The personalization of insurance products is a peremptory necessity for insurance companies. This is because, until now, the scarce availability of information on the part of clients has made such personalization impossible. Furthermore, there is little or no automation in data entry, which leads to a significant amount of data errors, low quality, repeated data, and other data issues.

Despite these problems, insurance companies base all their activity on data management, so these types of processes are key in these companies. Therefore, these types of entities invest important resources in carrying out part of these tasks semi-manually and with obsolete data or data sent by the client, based on the experience of certain highly qualified personnel. However, if they really want to compete with an advantage in today’s world, it is necessary to automate and improve these processes.

In the following paragraphs, we analyze the state of the art of different technological areas, along with related innovations.

1.1 Predictive Underwriting and Automation of Underwriting Processes

Strangely enough, the finance and insurance industries still gather and complete information based on manual or quasi-manual procedures. This leads to great inefficiencies, reduced economies of scale, and poorer customer service. As an example, there are cases of insurance pricing for SMEs in the USA where the average time from product application to authorization and issuance takes on average between 30 min and 1 h.

In recent years, robotic information gathering techniques, automated ingestors, and machine learning hold the promise to offer significant advantages in this area. The use of such techniques has many advantages, including:

  1. 1.

    The automatic subscription system can be put into operation more quickly if it deals with only a subset of all possible instances.

  2. 2.

    The error rate that the automatic underwriting system will have. In easy cases, it will be lower than the error rate in non-automated cases.

  3. 3.

    Deployment issues (e.g., integration with other systems, obtaining user feedback and acceptance) can be addressed at an early stage of development.

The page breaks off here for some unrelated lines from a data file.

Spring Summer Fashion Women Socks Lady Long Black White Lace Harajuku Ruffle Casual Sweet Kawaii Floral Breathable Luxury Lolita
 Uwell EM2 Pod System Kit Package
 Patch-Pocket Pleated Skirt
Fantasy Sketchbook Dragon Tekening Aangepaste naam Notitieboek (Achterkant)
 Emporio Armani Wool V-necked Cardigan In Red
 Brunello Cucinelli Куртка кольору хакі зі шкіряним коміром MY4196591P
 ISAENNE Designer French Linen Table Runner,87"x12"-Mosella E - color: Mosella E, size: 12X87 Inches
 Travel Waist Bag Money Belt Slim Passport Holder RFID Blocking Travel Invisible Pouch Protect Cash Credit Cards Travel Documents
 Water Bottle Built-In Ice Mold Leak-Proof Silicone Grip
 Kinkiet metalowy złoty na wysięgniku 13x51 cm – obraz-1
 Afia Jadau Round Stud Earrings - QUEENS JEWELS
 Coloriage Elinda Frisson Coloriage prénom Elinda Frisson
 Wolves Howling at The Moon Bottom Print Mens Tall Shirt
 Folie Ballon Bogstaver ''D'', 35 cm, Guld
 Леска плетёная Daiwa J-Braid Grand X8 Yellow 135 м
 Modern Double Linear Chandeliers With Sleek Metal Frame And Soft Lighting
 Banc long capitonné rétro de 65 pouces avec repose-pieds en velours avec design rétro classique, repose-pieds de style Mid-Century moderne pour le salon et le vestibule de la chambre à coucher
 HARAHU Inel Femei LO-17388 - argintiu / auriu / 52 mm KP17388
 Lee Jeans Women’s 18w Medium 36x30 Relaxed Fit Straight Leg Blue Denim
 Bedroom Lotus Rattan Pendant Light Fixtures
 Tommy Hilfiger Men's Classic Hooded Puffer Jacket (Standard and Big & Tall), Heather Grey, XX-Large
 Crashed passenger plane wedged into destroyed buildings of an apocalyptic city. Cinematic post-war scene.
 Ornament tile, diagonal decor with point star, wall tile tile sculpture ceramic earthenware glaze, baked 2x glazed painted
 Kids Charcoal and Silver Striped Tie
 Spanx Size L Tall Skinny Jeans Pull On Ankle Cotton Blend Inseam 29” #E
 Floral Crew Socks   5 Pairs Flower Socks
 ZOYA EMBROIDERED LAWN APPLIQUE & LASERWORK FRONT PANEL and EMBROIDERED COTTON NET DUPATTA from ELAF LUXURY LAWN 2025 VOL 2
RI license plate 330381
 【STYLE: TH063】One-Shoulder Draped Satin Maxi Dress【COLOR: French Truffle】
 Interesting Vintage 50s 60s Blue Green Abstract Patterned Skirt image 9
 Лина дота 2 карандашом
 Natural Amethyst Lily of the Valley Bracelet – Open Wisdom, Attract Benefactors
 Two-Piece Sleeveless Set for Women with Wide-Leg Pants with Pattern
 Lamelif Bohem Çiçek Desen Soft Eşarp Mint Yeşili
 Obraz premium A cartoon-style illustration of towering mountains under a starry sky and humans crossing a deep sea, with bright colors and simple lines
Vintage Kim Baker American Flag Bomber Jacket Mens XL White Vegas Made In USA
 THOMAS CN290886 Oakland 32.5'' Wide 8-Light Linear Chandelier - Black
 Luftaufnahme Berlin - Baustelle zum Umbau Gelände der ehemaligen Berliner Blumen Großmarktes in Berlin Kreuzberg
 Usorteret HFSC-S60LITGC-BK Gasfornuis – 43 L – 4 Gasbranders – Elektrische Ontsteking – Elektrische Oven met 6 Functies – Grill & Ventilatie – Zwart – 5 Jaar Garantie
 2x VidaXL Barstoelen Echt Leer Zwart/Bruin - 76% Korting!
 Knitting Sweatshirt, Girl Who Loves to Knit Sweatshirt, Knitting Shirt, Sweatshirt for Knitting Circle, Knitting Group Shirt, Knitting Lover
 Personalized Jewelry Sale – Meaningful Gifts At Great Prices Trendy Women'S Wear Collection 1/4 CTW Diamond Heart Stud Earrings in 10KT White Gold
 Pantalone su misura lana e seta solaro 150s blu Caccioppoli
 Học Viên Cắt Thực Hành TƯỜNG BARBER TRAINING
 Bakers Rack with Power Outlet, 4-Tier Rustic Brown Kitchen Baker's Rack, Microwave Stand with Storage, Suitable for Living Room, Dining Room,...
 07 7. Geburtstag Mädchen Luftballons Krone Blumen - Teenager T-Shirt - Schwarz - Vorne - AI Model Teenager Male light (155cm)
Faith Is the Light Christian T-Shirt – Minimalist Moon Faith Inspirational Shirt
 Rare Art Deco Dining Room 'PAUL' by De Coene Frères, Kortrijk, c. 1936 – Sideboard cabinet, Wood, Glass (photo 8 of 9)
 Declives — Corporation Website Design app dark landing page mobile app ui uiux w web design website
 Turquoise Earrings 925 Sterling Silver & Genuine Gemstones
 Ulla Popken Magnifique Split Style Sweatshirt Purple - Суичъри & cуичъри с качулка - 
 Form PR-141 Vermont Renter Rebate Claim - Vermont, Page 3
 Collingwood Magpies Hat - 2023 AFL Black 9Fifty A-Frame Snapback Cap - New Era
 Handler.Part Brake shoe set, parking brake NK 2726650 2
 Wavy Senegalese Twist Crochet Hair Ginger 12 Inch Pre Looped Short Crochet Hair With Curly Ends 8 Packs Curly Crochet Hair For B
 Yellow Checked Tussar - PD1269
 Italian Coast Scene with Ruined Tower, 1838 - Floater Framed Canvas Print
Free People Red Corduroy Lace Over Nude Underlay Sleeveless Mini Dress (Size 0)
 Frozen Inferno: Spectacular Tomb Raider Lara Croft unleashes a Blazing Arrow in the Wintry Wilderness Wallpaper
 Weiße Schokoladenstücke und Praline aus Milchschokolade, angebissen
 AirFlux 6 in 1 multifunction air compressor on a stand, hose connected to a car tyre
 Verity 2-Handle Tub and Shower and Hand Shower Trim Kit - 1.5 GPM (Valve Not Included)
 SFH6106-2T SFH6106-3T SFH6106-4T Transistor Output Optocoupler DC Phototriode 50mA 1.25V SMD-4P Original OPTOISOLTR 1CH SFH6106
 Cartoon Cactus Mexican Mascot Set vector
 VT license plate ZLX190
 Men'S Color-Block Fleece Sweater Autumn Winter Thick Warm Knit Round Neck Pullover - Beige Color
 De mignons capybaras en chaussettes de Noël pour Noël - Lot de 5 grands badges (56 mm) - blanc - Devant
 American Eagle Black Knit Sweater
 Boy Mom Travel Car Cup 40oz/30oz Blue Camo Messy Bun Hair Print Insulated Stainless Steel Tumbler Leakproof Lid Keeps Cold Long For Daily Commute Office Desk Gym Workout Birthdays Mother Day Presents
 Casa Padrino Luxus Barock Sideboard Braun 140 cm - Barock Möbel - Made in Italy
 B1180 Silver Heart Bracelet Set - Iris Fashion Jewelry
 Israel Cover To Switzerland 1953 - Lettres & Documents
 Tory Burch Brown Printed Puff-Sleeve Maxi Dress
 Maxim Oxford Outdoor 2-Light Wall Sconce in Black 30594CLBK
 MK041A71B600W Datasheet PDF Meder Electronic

1.2 Customization of Financial Product Offerings and Recommendation According to the SME’s Context

Product recommendation systems determine the likelihood that a particular product will be of interest to a new or existing customer. The rationale behind the recommendations is to enable targeted marketing actions addressed only to those business customers who might be interested, thus avoiding the traditional bombardment of untargeted advertising.

Recommendation systems are basically of three types:

  • Characteristic-based: In this case, the system learns to select potential customers by studying the differentiating characteristics of existing customers.

  • Grouping-based: Customers are divided into groups based on their characteristics using unsupervised learning algorithms, and the system recommends products oriented to each group.

  • Based on collaborative filtering: Such systems recommend products that are of interest to customers with similar profiles, based exclusively on the preferences expressed by users.

Collaborative filtering systems are the most widely used. However, these systems have been developed for cases where the number of products to be recommended is very large, for example, the case of Netflix movies. This is not typically the case with insurance products, where the number of customers is much larger than the number of products.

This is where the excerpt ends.